--- RAW DATA ---

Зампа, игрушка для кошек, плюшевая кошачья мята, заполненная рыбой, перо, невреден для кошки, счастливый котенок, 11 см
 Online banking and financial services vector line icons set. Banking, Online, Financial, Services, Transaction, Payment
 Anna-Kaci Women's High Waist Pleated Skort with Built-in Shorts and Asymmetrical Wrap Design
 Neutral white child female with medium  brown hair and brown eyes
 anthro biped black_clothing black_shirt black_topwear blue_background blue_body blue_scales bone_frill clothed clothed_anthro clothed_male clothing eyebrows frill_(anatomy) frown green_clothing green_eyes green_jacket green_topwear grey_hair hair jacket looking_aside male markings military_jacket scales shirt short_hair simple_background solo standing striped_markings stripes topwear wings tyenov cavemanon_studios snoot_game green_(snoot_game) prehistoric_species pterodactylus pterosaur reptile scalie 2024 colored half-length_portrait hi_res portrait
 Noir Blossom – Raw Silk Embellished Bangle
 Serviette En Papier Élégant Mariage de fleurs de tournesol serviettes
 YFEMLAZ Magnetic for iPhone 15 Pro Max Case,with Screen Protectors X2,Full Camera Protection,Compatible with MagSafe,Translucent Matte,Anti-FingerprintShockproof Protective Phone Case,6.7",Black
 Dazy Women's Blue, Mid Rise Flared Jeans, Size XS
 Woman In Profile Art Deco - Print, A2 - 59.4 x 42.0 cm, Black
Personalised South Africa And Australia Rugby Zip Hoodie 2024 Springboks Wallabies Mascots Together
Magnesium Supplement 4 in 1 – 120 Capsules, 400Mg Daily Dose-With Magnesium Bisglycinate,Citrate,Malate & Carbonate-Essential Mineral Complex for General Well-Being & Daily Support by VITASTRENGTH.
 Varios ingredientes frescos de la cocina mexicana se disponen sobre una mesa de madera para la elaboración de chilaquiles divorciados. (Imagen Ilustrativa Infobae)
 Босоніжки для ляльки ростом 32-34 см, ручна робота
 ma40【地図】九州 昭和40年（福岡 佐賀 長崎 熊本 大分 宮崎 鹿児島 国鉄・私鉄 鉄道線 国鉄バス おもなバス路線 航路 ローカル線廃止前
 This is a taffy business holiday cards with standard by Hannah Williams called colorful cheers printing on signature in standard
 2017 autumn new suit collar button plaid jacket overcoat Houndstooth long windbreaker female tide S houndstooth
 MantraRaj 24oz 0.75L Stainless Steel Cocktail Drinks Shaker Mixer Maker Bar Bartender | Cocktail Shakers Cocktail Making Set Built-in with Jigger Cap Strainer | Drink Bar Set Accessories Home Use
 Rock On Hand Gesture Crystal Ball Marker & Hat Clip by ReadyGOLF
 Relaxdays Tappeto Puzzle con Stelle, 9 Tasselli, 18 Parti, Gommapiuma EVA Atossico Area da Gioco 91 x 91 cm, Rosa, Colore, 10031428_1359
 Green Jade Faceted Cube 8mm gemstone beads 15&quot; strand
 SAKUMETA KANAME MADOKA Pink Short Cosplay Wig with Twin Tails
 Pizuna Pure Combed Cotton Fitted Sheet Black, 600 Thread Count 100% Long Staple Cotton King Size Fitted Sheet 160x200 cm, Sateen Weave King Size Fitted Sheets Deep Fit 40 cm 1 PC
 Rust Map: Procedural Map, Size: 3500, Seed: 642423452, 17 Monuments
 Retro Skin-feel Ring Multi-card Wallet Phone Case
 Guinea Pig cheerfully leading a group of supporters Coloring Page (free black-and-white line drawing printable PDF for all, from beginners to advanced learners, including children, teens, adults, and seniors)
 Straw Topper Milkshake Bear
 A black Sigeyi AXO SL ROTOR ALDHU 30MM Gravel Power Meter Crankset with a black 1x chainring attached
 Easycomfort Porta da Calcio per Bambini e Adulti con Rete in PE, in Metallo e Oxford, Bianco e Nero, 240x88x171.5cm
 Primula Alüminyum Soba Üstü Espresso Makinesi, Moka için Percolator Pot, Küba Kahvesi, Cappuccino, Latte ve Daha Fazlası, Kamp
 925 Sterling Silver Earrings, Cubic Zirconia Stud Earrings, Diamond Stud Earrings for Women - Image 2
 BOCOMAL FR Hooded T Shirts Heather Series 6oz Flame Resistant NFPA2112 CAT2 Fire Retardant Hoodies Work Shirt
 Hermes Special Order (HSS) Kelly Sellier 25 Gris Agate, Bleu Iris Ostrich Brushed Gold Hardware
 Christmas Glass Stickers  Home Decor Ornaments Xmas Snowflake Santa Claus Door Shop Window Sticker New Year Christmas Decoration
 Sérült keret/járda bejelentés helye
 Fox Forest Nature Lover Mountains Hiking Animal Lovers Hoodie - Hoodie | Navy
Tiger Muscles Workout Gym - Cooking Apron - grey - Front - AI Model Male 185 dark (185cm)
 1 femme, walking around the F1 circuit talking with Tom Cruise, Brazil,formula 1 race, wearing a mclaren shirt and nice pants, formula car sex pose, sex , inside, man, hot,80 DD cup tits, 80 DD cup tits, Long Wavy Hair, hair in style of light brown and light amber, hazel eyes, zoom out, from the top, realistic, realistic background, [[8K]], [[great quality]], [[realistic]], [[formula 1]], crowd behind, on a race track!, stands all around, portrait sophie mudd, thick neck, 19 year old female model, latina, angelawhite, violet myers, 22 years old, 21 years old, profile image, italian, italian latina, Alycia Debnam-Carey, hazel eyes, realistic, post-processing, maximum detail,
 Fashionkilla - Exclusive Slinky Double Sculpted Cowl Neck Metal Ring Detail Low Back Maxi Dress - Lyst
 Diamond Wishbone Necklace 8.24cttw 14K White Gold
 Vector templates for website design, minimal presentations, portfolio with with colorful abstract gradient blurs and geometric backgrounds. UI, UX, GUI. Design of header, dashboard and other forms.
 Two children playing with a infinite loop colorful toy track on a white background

---

## WHAT YOU ARE ASKED TO DO
Line by line, reproduce the data exactly.

## SOLUTION
Зампа, игрушка для кошек, плюшевая кошачья мята, заполненная рыбой, перо, невреден для кошки, счастливый котенок, 11 см
 Online banking and financial services vector line icons set. Banking, Online, Financial, Services, Transaction, Payment
 Anna-Kaci Women's High Waist Pleated Skort with Built-in Shorts and Asymmetrical Wrap Design
 Neutral white child female with medium  brown hair and brown eyes
 anthro biped black_clothing black_shirt black_topwear blue_background blue_body blue_scales bone_frill clothed clothed_anthro clothed_male clothing eyebrows frill_(anatomy) frown green_clothing green_eyes green_jacket green_topwear grey_hair hair jacket looking_aside male markings military_jacket scales shirt short_hair simple_background solo standing striped_markings stripes topwear wings tyenov cavemanon_studios snoot_game green_(snoot_game) prehistoric_species pterodactylus pterosaur reptile scalie 2024 colored half-length_portrait hi_res portrait
 Noir Blossom – Raw Silk Embellished Bangle
 Serviette En Papier Élégant Mariage de fleurs de tournesol serviettes
 YFEMLAZ Magnetic for iPhone 15 Pro Max Case,with Screen Protectors X2,Full Camera Protection,Compatible with MagSafe,Translucent Matte,Anti-FingerprintShockproof Protective Phone Case,6.7",Black
 Dazy Women's Blue, Mid Rise Flared Jeans, Size XS
 Woman In Profile Art Deco - Print, A2 - 59.4 x 42.0 cm, Black
Personalised South Africa And Australia Rugby Zip Hoodie 2024 Springboks Wallabies Mascots Together
Magnesium Supplement 4 in 1 – 120 Capsules, 400Mg Daily Dose-With Magnesium Bisglycinate,Citrate,Malate & Carbonate-Essential Mineral Complex for General Well-Being & Daily Support by VITASTRENGTH.
 Varios ingredientes frescos de la cocina mexicana se disponen sobre una mesa de madera para la elaboración de chilaquiles divorciados. (Imagen Ilustrativa Infobae)
 Босоніжки для ляльки ростом 32-34 см, ручна робота
 ma40【地図】九州 昭和40年（福岡 佐賀 長崎 熊本 大分 宮崎 鹿児島 国鉄・私鉄 鉄道線 国鉄バス おもなバス路線 航路 ローカル線廃止前
 This is a taffy business holiday cards with standard by Hannah Williams called colorful cheers printing on signature in standard
 2017 autumn new suit collar button plaid jacket overcoat Houndstooth long windbreaker female tide S houndstooth
 MantraRaj 24oz 0.75L Stainless Steel Cocktail Drinks Shaker Mixer Maker Bar Bartender | Cocktail Shakers Cocktail Making Set Built-in with Jigger Cap Strainer | Drink Bar Set Accessories Home Use
 Rock On Hand Gesture Crystal Ball Marker & Hat Clip by ReadyGOLF
 Relaxdays Tappeto Puzzle con Stelle, 9 Tasselli, 18 Parti, Gommapiuma EVA Atossico Area da Gioco 91 x 91 cm, Rosa, Colore, 10031428_1359
 Green Jade Faceted Cube 8mm gemstone beads 15&quot; strand
 SAKUMETA KANAME MADOKA Pink Short Cosplay Wig with Twin Tails
 Pizuna Pure Combed Cotton Fitted Sheet Black, 600 Thread Count 100% Long Staple Cotton King Size Fitted Sheet 160x200 cm, Sateen Weave King Size Fitted Sheets Deep Fit 40 cm 1 PC
 Rust Map: Procedural Map, Size: 3500, Seed: 642423452, 17 Monuments
 Retro Skin-feel Ring Multi-card Wallet Phone Case
 Guinea Pig cheerfully leading a group of supporters Coloring Page (free black-and-white line drawing printable PDF for all, from beginners to advanced learners, including children, teens, adults, and seniors)
 Straw Topper Milkshake Bear
 A black Sigeyi AXO SL ROTOR ALDHU 30MM Gravel Power Meter Crankset with a black 1x chainring attached
 Easycomfort Porta da Calcio per Bambini e Adulti con Rete in PE, in Metallo e Oxford, Bianco e Nero, 240x88x171.5cm
 Primula Alüminyum Soba Üstü Espresso Makinesi, Moka için Percolator Pot, Küba Kahvesi, Cappuccino, Latte ve Daha Fazlası, Kamp
 925 Sterling Silver Earrings, Cubic Zirconia Stud Earrings, Diamond Stud Earrings for Women - Image 2
 BOCOMAL FR Hooded T Shirts Heather Series 6oz Flame Resistant NFPA2112 CAT2 Fire Retardant Hoodies Work Shirt
 Hermes Special Order (HSS) Kelly Sellier 25 Gris Agate, Bleu Iris Ostrich Brushed Gold Hardware
 Christmas Glass Stickers  Home Decor Ornaments Xmas Snowflake Santa Claus Door Shop Window Sticker New Year Christmas Decoration
 Sérült keret/járda bejelentés helye
 Fox Forest Nature Lover Mountains Hiking Animal Lovers Hoodie - Hoodie | Navy
Tiger Muscles Workout Gym - Cooking Apron - grey - Front - AI Model Male 185 dark (185cm)
 1 femme, walking around the F1 circuit talking with Tom Cruise, Brazil,formula 1 race, wearing a mclaren shirt and nice pants, formula car sex pose, sex , inside, man, hot,80 DD cup tits, 80 DD cup tits, Long Wavy Hair, hair in style of light brown and light amber, hazel eyes, zoom out, from the top, realistic, realistic background, [[8K]], [[great quality]], [[realistic]], [[formula 1]], crowd behind, on a race track!, stands all around, portrait sophie mudd, thick neck, 19 year old female model, latina, angelawhite, violet myers, 22 years old, 21 years old, profile image, italian, italian latina, Alycia Debnam-Carey, hazel eyes, realistic, post-processing, maximum detail,
 Fashionkilla - Exclusive Slinky Double Sculpted Cowl Neck Metal Ring Detail Low Back Maxi Dress - Lyst
 Diamond Wishbone Necklace 8.24cttw 14K White Gold
 Vector templates for website design, minimal presentations, portfolio with with colorful abstract gradient blurs and geometric backgrounds. UI, UX, GUI. Design of header, dashboard and other forms.
 Two children playing with a infinite loop colorful toy track on a white background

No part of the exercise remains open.